## INFORMATION PROVIDED
------------------------------------

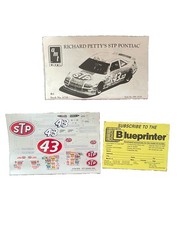 Richard Petty AMT Ertl 6728 1/25 43 STP Pontiac NASCAR Model Kit 1990 Open Box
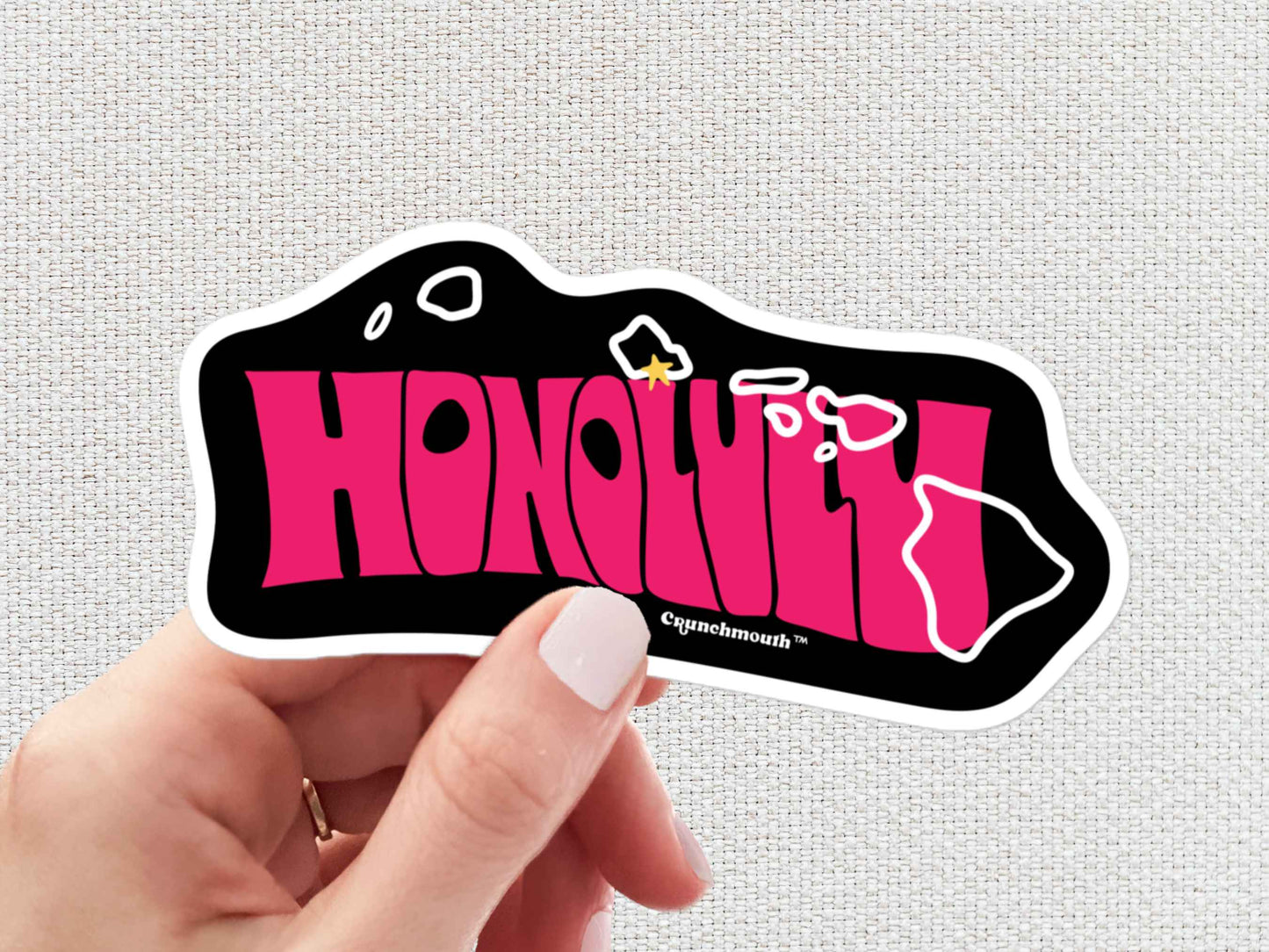 honolulu sticker, hand display, white textured background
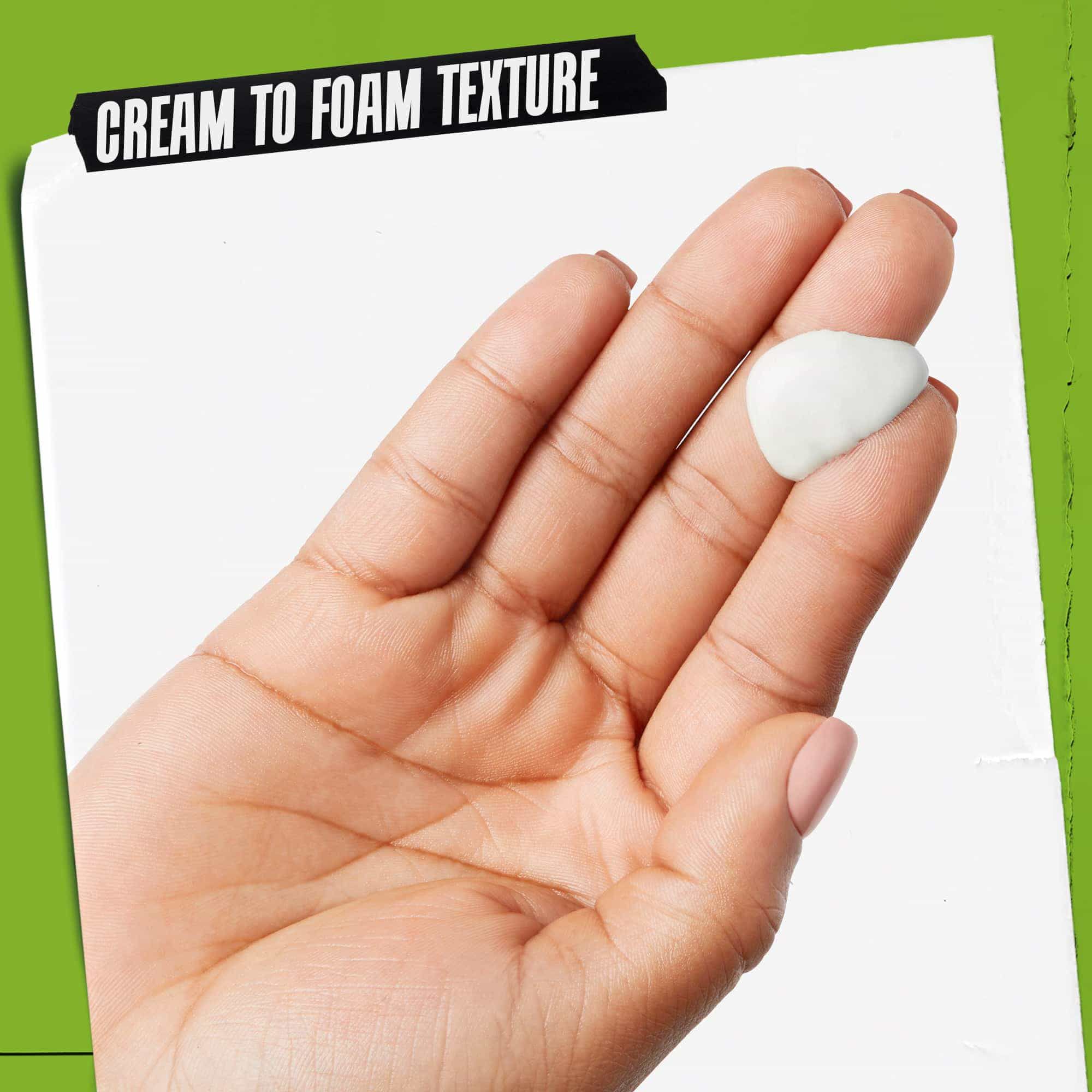 A person holding a tube of Rare Earth Deep Pore Daily Cleanser, showcasing its use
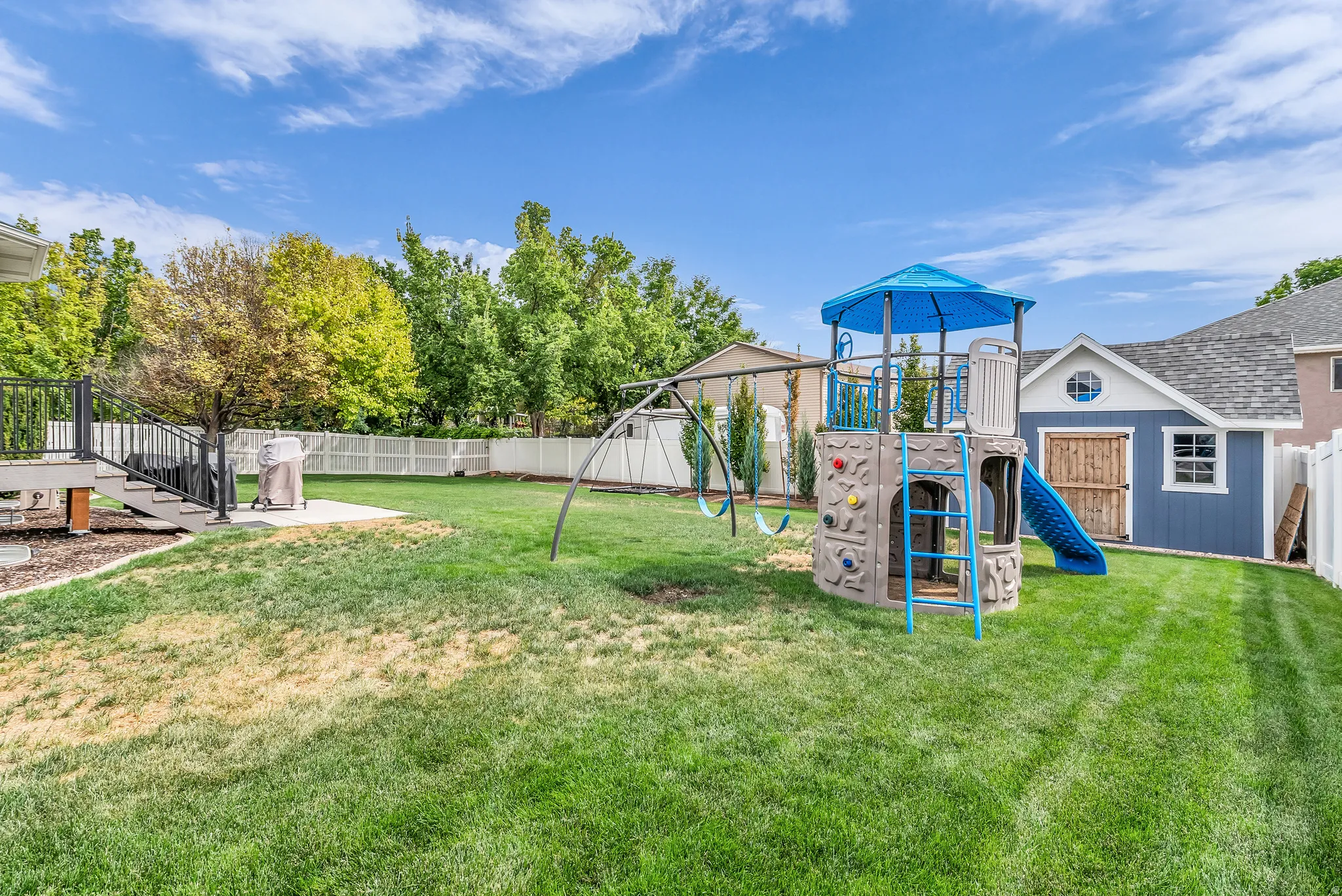 Expansive fenced backyard featuring a wood deck, concrete patio, and mature trees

------------------------------------

## EXERCISE
The required output is an exact copy of the lines from the start of the material above through the line containing "A person holding", inclusive, with no pictures in it.

## RESPONSE TO THIS EXERCISE
 Richard Petty AMT Ertl 6728 1/25 43 STP Pontiac NASCAR Model Kit 1990 Open Box
 honolulu sticker, hand display, white textured background
 A person holding a tube of Rare Earth Deep Pore Daily Cleanser, showcasing its use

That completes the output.